Shirey and his colleagues studied the ratios of the minerals to the byproducts to learn not only how old the diamonds were but under what conditions they formed. While most diamonds have been brought to the surface relatively recently, they were typically created billions of years ago.
"Every diamond that carries a grain of mineral in it has potentially some information from the source area at the time the diamond crystallized," Shirey said. "We used the diamonds as geologic probes of a portion of the mantle that would be more than 100 kilometers [62 miles] beneath the surface."
Down there, under the Earth's crust, is where continents gain their footing.
The findings
The study, based on diamonds collected in southern Africa, supports a scenario for how Earth looked 3.3 billion years ago.
"Probably it was a time when there wasn't much continent around at all, and early continental nuclei were first being generated," Shirey said.

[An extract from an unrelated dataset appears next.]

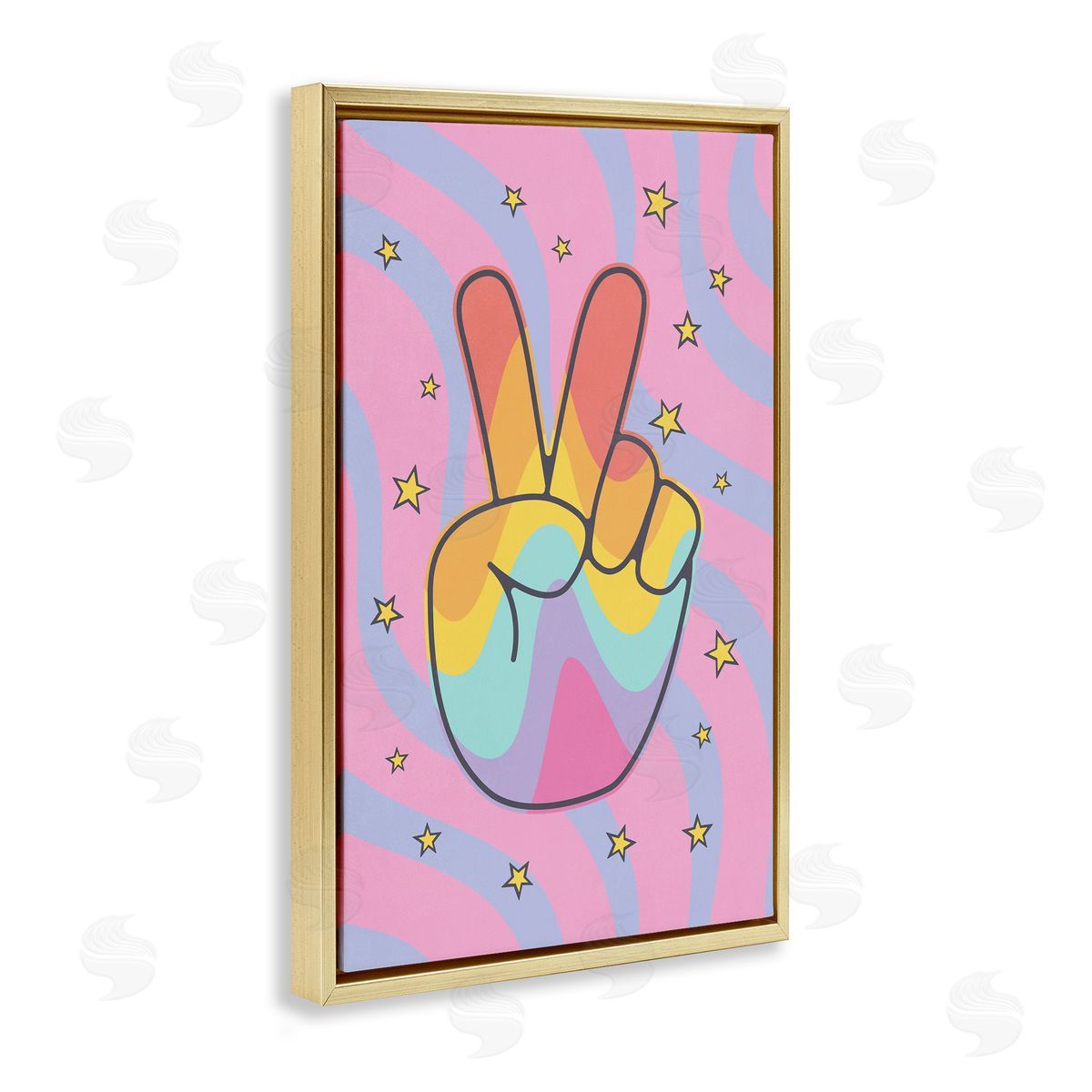Nataly White Groovy Peace with Patterns Gold Floating Frame Canvas Wall Art Print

Most of the Earth at that time was covered by water, he said. Some volcanism was probably occurring on the ocean floor. Other scientists have not been able to determine for sure whether there was life on Earth yet.
Other diamonds examined in the study were dated to a distinctly later period, some 2.9 billion years ago, when Shirey says there appeared to be collision of continental fragments and the closing of intervening ocean basins.
"This could represent a time when the continent was actually stabilized in a form like we see today," he said.
The full results will be published in the Sept. 6 issue of the journal Science.
Economics and science
Shirey said diamonds occur in very small quantities -- parts per billion in rock. Mining companies first test a region to see if its chemistry appears suitable for diamond formation. Then in a larger test they crush several tons of the material to see if a few diamonds exist. Only then might full mining operations begin.
Scientists could not afford to look for their own diamonds, he said.
"They're just being supportive of the academic community to make diamonds available for research," Shirey said of the various mining companies that provided the gems. His team is also working with a couple of small diamond producers who can't financially support such an effort, but which have mines in areas that are important to further study.
He expects to pay for the nearly worthless jewels the smaller companies provide. And then, as with the other diamonds they've examined, Shirey and his colleagues will ruin them completely by cracking them open to get at their geologic clocks.